Previously, Jupiter described Jupiter Lend’s vaults as having “isolated risk,” even claiming that the vaults “completely eliminate the risk of contagion between asset pairs.” The post containing this statement was removed by the team when controversy arose.
“We once said that isolated risk vaults guarantee ‘zero risk of contagion.’ That’s not entirely accurate,” Dhanda said in a video sent to the community. “We deleted it to avoid widespread misunderstanding. We should have clarified it at that time.”
Controversy Surrounding Collateral Rehypothecation
Samyak Jain, co-founder of Fluid—the infrastructure provider for Jupiter Lend—confirmed that the protocol uses rehypothecation, i.e., reusing collateral to optimize capital efficiency. This means assets deposited in one vault may not be completely separated from assets in another vault.

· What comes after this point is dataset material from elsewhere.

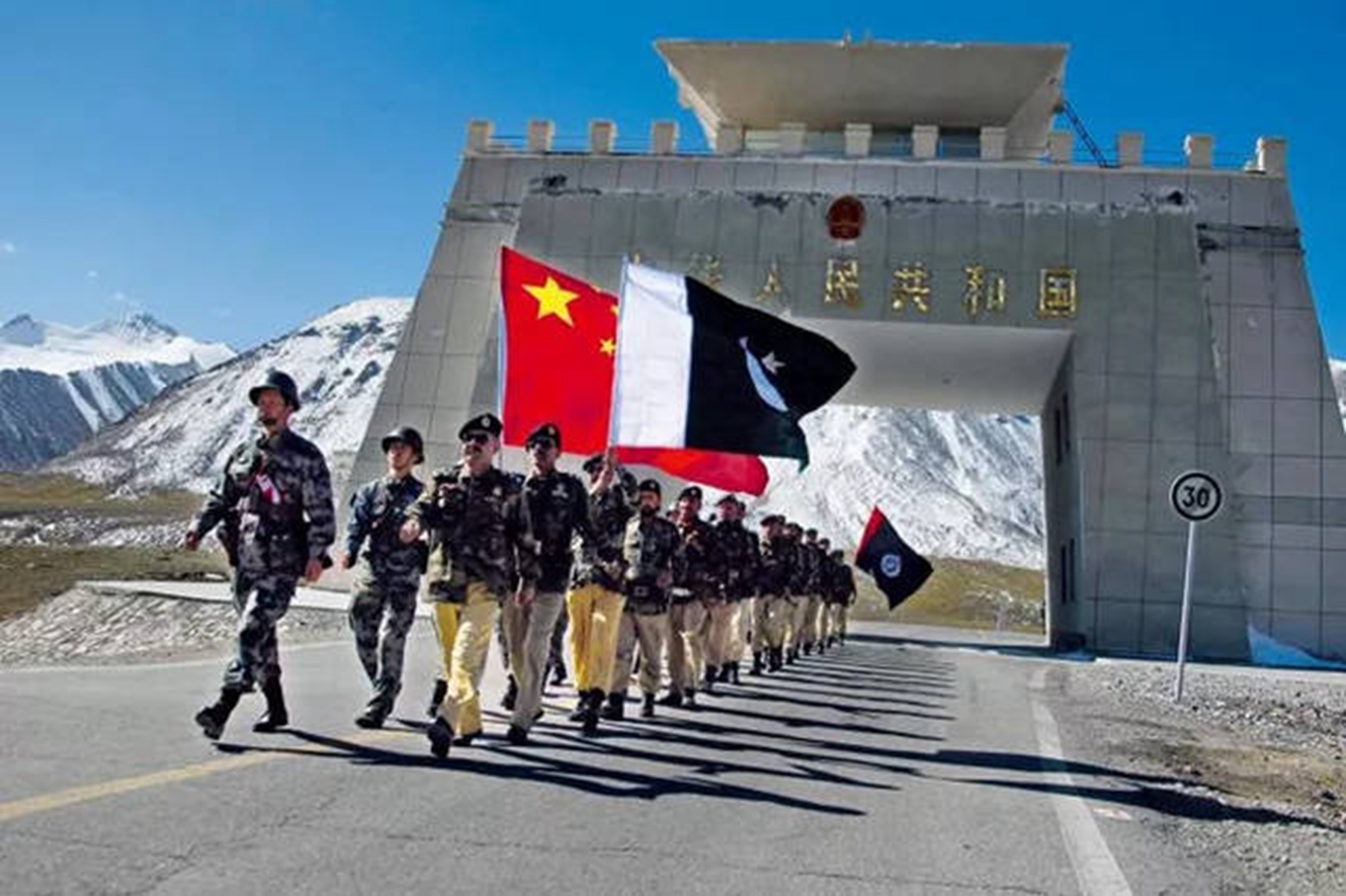 看看中印边界,再看看中巴边界,这就是差距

However, Jain said each vault still has its own configuration, such as asset limits, liquidation thresholds, and liquidation penalties.
Marius Ciubotariu, co-founder of the Kamino lending protocol, criticized Jupiter Lend on X after Kamino blocked a competitor’s refinance tool. According to him, rehypothecation means the vaults cannot be considered “isolated.”
“If you deposit SOL and borrow USDC, your SOL could be lent out to loopers like JupSOL or INF… You bear all the risks from those loops,” he wrote. “This is not risk isolation as advertised.”
Dhanda rejected this definition, arguing that “isolation” in Jupiter Lend refers to each vault having its own risk parameters, and sharing the liquidity layer is part of the yield generation model.
An industry expert commented: “Advertising isolated vaults while rehypothecating assets is hard to accept. It severely undermines trust.”
Rapid Growth and Head-to-Head with Kamino on Solana
Launched in August, Jupiter Lend attracted attention with its “dynamic limits” to reduce risk and LTV ratios up to 90%—much higher than the typical 75% seen in DeFi markets.
Dhanda said the market crash event on October 11, when over $20 billion in leveraged positions were liquidated, demonstrated that Jupiter Lend’s model performed stably. The protocol reported no bad debt.
Currently, Jupiter Lend’s total value locked (TVL) has surpassed $1 billion according to DefiLlama, making the protocol a direct competitor to Kamino—which holds over 60% of the lending market share on Solana.
Jupiter said it will release additional technical documents and explanatory videos after the Solana Breakpoint conference taking place from December 11 in Abu Dhabi.